The most common usage scenario for users and permissions is if you’re implementing a Resource Token Broker type pattern, allowing client applications to directly access the Cosmos DB database.
Side note: The Cosmos DB implementation of users and permissions only provides authorization – it does not provide authentication. It would be up to your own implementation to manage the authentication. In most cases you’d use something like Azure Active Directory to provide an authentication layer.
But if you go hunting through the Azure Management Portal Cosmos DB data explorer (or Azure Storage Explorer) you won’t find any way to configure or even view users and permissions.
To manage users and permissions you need to use the Cosmos DB API directly or one of the SDKs.
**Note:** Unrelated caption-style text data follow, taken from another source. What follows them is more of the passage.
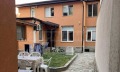Продава ЕТАЖ ОТ КЪЩА, гр. Пловдив, Център, снимка 2
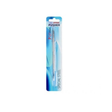 Jkiocean - JKIP008 Gel Removal Tool
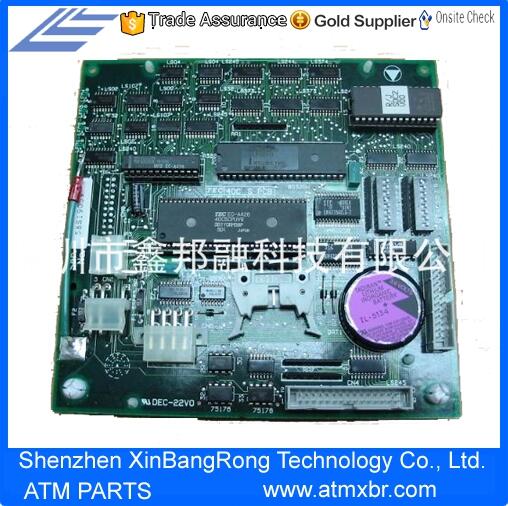 NCR 5684/85 SDC PCB Board ASSEMBLY 998-0879143 9980879143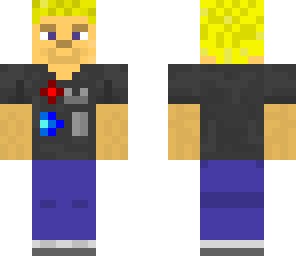 sergeant slienchen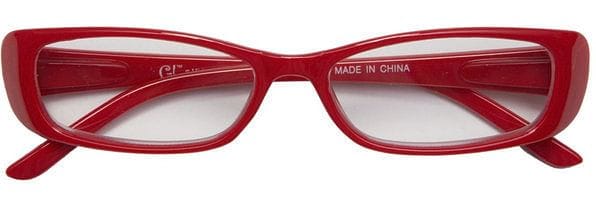 Santa's Reading Glasses - - Shelburne Country Store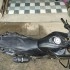 FZS V3 - 4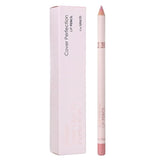 Buy The Saem Cover Perfection Lip Pencil at Lila Beauty - Korean and Japanese Beauty Skincare and Makeup Cosmetics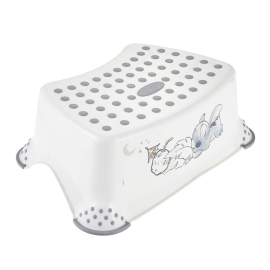 STITCH СТЕПЕНКА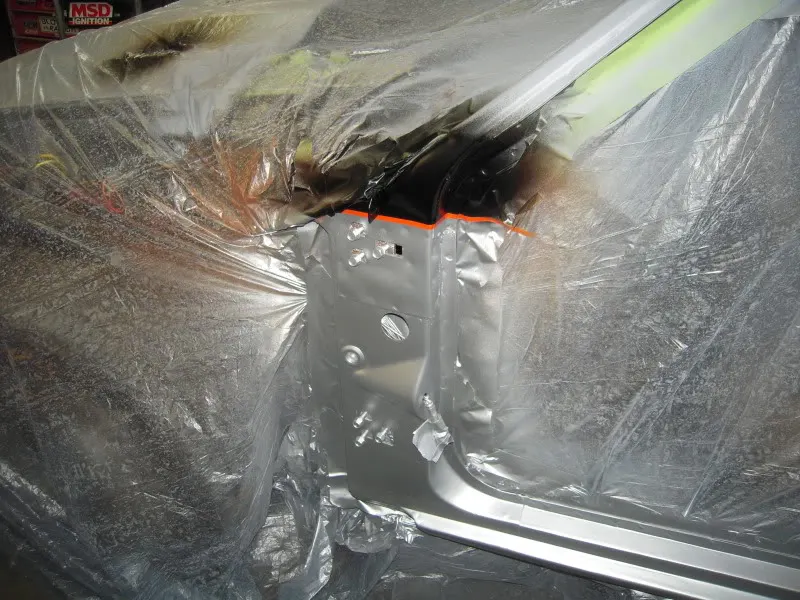 DSCN3594.webp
But to make Cosmos DBusers and permissions easier to manage from PowerShell, I created the Cosmos DB PowerShell module. This is an open source project hosted on GitHub. The Cosmos DB module allows you to manage much more than just users and permissions, but for this post I just wanted to start with these.
Requirements
This module works on PowerShell 5.x and PowerShell Core 6.0.0. It probably works on PowerShell 3 and 4, but I don’t have any more machines running this version to test on.
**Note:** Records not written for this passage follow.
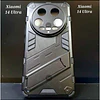 Carcasa Redmi Note 14 Pro Plus / Xiaomi 14 Ultra con Parante Antishock 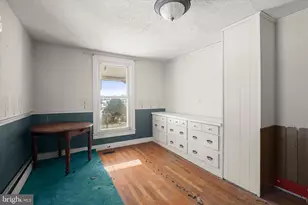 2948 Grier Nursery Rd, Forest Hill, MD 21050 - Photo 7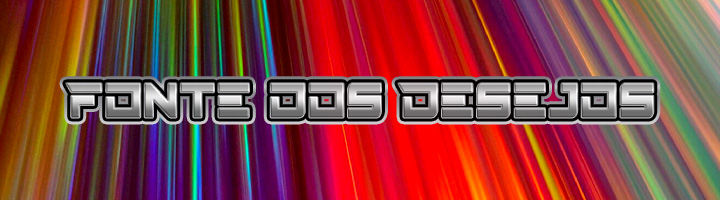 Fonte dos Desejos Banner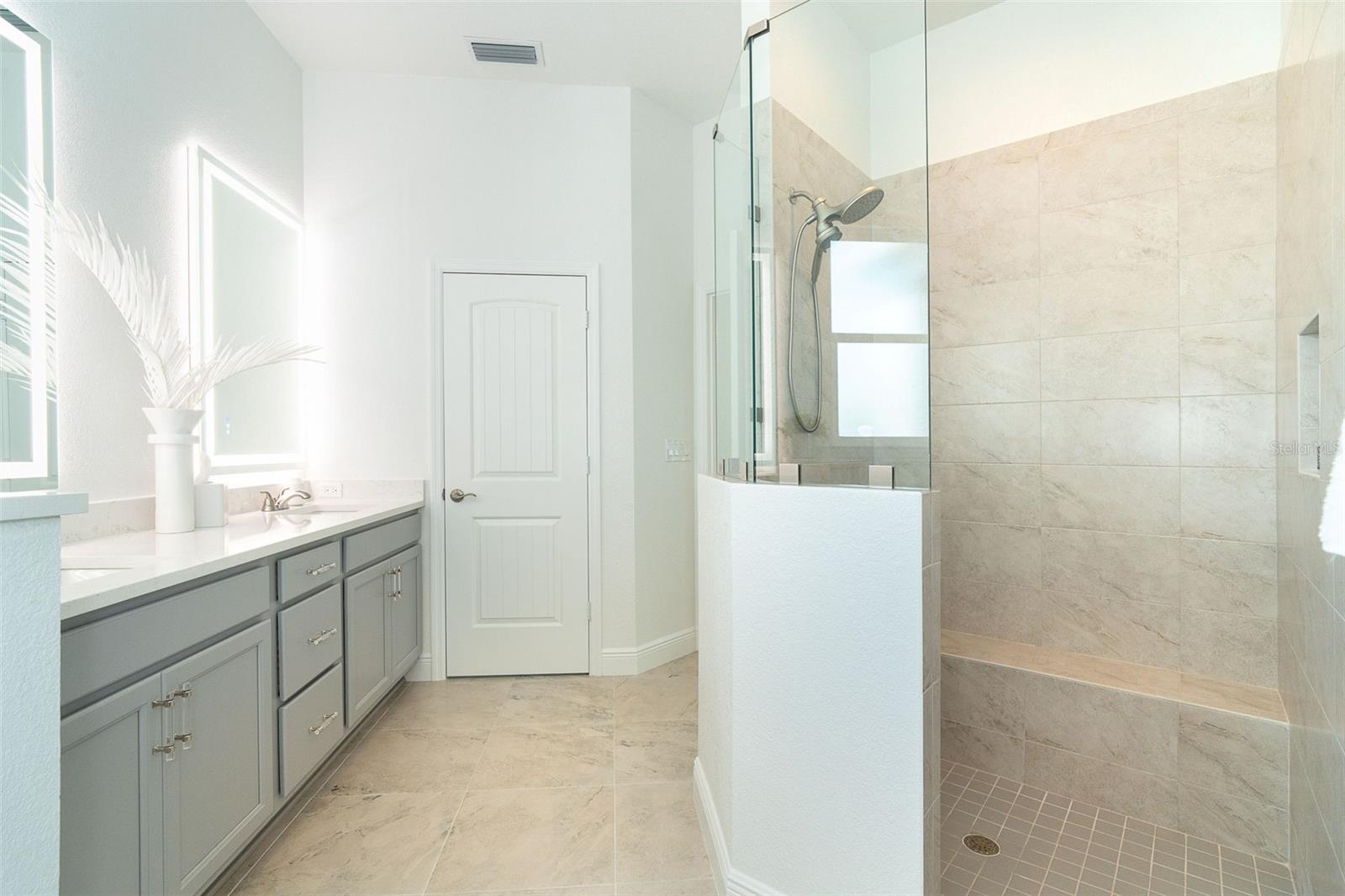 8768 CONCH AVE, PLACIDA, FL, 33946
The Cosmos DB module does not have any dependencies, except if you call the New-Cosmos DbContext function with the ResourceGroup parameter specified as this will use the AzureRM PowerShell modules to read the Master Key for the connection directly from your Cosmos DB account. So I’d recommend installing the Azure PowerShell modules or if you’re using PowerShell 6.0, install the AzureRM.NetCore modules.
Or to install it for all users on the machine (requires administrator permissions):
Install-Module -Name CosmosDB
Context Variable
Update 2018-03-06
As of Cosmos DB module v2.0.1, the connection parameter has been renamed to context and the New-CosmosDbConnection function has been renamed New-CosmosDbContext. This was to be more inline with naming adopted by the Azure PowerShell project. The old connection parameters and New-CosmosDbConnection function is still available as an alias, so older scripts won’t break. But these should be changed to use the new naming if possible as I plan to deprecate the connection version at some point in the future.
This post was updated to specify the new naming, but screenshots still show the Connection aliases.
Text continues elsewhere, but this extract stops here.